Everyone who knows him thinks that Adnan is a former doctor who is now just the town drunk, blaming all of his woes on his broken family and harboring a sense that he knows best how to fix it. Adnan is in such a bad state that his brother-in-law visits him in his “shitty” orchard and wants him to divorce his sister, whom he knows loves her husband too much to leave him. Layla is a character used to suggest hope but is too peripheral for this message to really hit home. If his domestic troubles were not already big enough to deal with, then comes the sting in the tale: the town is occupied by Israeli forces. The protagonists must pass checkpoints if they want to come and go. They cannot do what they like. “What’s this checkpoint for?” is a question that even the person manning the blockade doesn’t want to answer, or maybe he can’t; it’s just the way it is. Adnan almost gets into an altercation with him, but the position of power is clear to see, and he is frustrated.
Is this the source of his feelings of worthlessness?
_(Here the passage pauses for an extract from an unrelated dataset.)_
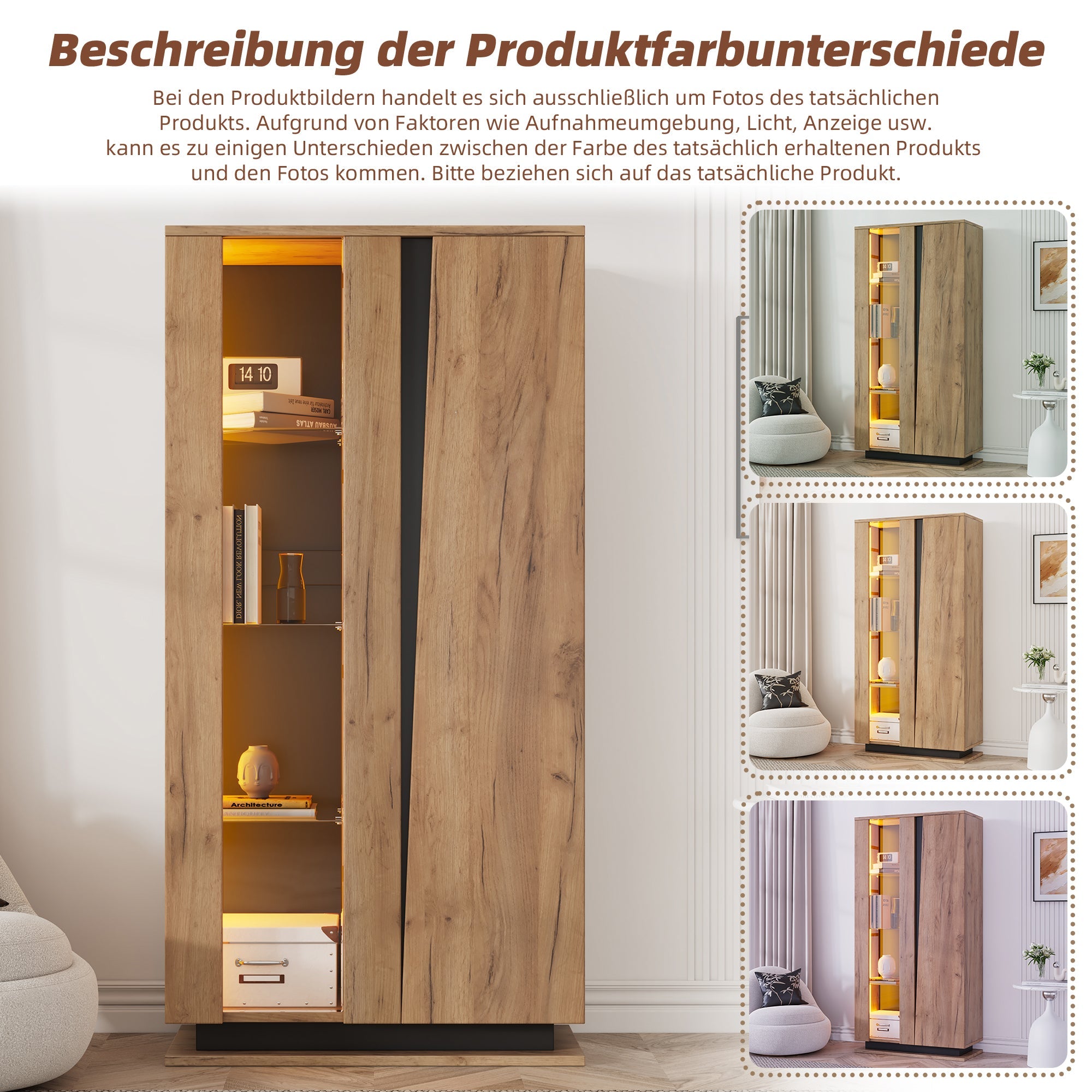 Display Cabinet 80x35x160cm 8 Shelves Glass Dividers Narrow Freestanding Acrylic Wood Color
He screams that he wants to go to Damascus, a place he’s been unable to go to for 50 years, and not even the war raging in Syria seems to deter this desire. It looks as if he’s going to fall off the edge, until his life takes a dramatic turn and the movie switches tone when Adnan must help a mysterious soldier (“the stranger”) wounded in the Syrian war. Director Eldin uses this meeting to bring some of his themes into context and to give Adnan a physical body to help him face the fog in his mind.
The key question in the context of the entire film is asked by Leyla – “How long can anyone live in the shadow of someone else?” The protagonist lives in the shadow of his father, the pressure of friends who try to help him, and the importance of national tragedies. The Stranger is a personal film conveying the feeling of powerlessness and nonsense of someone who remains at heart with his bleeding homeland and yet is unable to do anything for it, as much as he can do for himself. Eldin reminds us that every human being in captivity is a stranger. On the surface, The Stranger is a gloomy poetic film – in many ways, a male-centric, long, funeral eulogy lacking even illusory hope. Such a film can be difficult for many viewers but reflects an existential vision that harkens back to the work of Albert Camus.